[Data shown]:
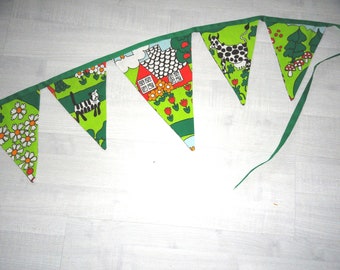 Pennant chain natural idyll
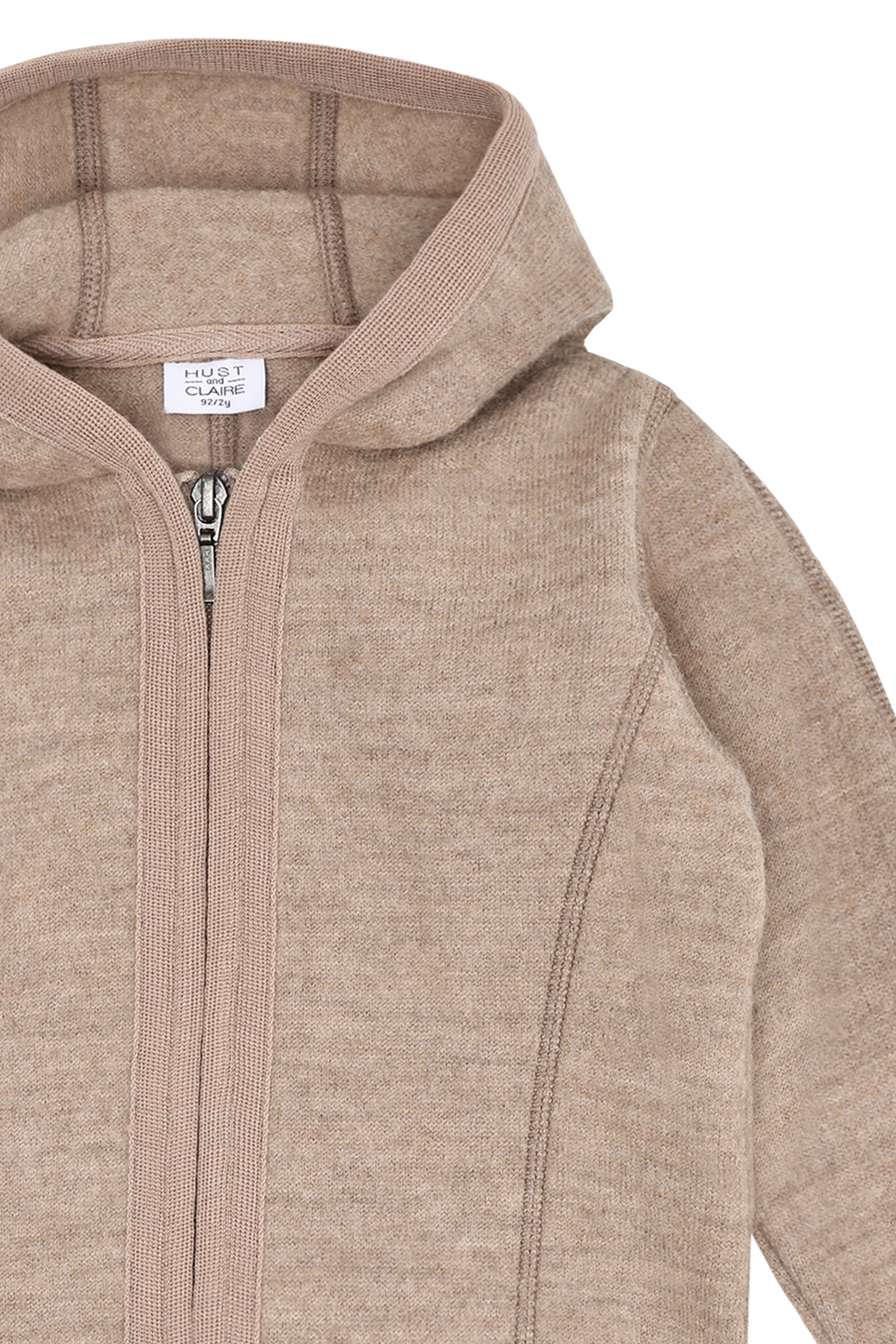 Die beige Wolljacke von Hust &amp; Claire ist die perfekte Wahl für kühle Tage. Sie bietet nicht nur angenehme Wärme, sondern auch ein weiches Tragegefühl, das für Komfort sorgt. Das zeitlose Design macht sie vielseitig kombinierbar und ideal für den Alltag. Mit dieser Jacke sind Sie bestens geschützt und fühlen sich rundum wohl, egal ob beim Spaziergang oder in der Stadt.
---
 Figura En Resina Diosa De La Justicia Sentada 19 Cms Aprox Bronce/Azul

[The task]:
The answer is the lines above from the one with "Pennant chain natural idyll" to the one with "Die beige Wolljacke", set down exactly, with no pictures.

[Final answer]:
 Pennant chain natural idyll
 Die beige Wolljacke von Hust &amp; Claire ist die perfekte Wahl für kühle Tage. Sie bietet nicht nur angenehme Wärme, sondern auch ein weiches Tragegefühl, das für Komfort sorgt. Das zeitlose Design macht sie vielseitig kombinierbar und ideal für den Alltag. Mit dieser Jacke sind Sie bestens geschützt und fühlen sich rundum wohl, egal ob beim Spaziergang oder in der Stadt.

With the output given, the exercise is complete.